Писатель нелегко пересматривал свои взгляды. В 1922 году после убийства националистами министра Ратенау он вступил в Немецкую демократическую партию — партию либерально-демократического толка. Однако через год, когда на премьере пьесы Бертольта Брехта «В чаще городов» национал-социалисты, учуявшие в ней «еврейский дух», спровоцировали скандал, забросав зал гранатами со слезоточивым газом, Томас Манн, в то время корреспондент нью-йоркского агентства «Дайел», отнесся к этой акции сочувственно. «Мюнхенский народный консерватизм, — писал он, — оказался начеку. Он не терпит большевистского искусства».

Но чем дальше, тем его несовместимость с наступающим режимом становилась все большей и, наконец, оказалась решающей. С братом его помирил, можно сказать, Адольф Гитлер.

В 1933 году писатель с семьей эмигрировал из нацистской Германии и поселился в Цюрихе. Через три года после безуспешных попыток уговорить Томаса Манна вернуться нацистские власти лишили его немецкого гражданства, он стал гражданином Чехословакии, а в 1938 году уехал в США.

Несмотря на всемирную славу, его жизнь в изгнании была нелегкой — как у всякого эмигранта. После поражения Гитлера Томаса Манна настойчиво стали звать на родину. Писатель решительно отказался.

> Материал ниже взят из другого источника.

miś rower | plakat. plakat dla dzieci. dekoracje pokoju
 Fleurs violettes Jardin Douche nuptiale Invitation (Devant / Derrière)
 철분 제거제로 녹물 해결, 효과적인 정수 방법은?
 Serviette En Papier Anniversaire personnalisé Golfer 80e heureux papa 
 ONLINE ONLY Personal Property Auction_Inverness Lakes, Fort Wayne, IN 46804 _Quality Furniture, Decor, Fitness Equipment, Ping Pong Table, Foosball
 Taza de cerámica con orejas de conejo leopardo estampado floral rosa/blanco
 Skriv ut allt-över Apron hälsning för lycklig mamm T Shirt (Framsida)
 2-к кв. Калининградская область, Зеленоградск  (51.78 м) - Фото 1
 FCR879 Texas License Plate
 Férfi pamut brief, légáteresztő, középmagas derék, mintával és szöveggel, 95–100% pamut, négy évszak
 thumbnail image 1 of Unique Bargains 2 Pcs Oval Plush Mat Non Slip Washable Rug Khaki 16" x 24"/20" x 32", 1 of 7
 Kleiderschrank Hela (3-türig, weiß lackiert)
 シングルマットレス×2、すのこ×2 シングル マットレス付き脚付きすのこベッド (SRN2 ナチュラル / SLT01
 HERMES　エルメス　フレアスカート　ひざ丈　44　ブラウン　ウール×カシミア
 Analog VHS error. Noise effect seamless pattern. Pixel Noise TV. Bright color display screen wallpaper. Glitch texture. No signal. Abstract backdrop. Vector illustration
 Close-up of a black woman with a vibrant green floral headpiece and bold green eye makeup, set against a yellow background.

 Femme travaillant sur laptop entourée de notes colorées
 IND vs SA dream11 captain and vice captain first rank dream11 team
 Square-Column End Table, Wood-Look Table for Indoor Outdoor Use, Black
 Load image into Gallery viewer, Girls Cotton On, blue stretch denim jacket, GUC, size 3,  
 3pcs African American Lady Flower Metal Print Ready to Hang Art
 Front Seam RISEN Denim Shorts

Германия, 1945 год. Фото: Георгий Петрусов / РИА Новости

Германия, 1945 год. Фото: Георгий Петрусов / РИА Новости

Он подробно разъяснил свою позицию 7 сентября 1945 года в письме австрийскому писателю Вальтеру фон Моло — на его «обязывающее требование вернуться в Германию и поселиться там снова, чтобы помогать советом и делом».


«…Вы не единственный, кто обращается ко мне с этим призывом; он, как мне сообщили, последовал и со стороны находящегося под русским контролем Берлинского радио, а также со стороны органа объединенных демократических партий Германии — с подчеркнутой мотивировкой, что «в Германии» мне надлежит «выполнить свою историческую миссию».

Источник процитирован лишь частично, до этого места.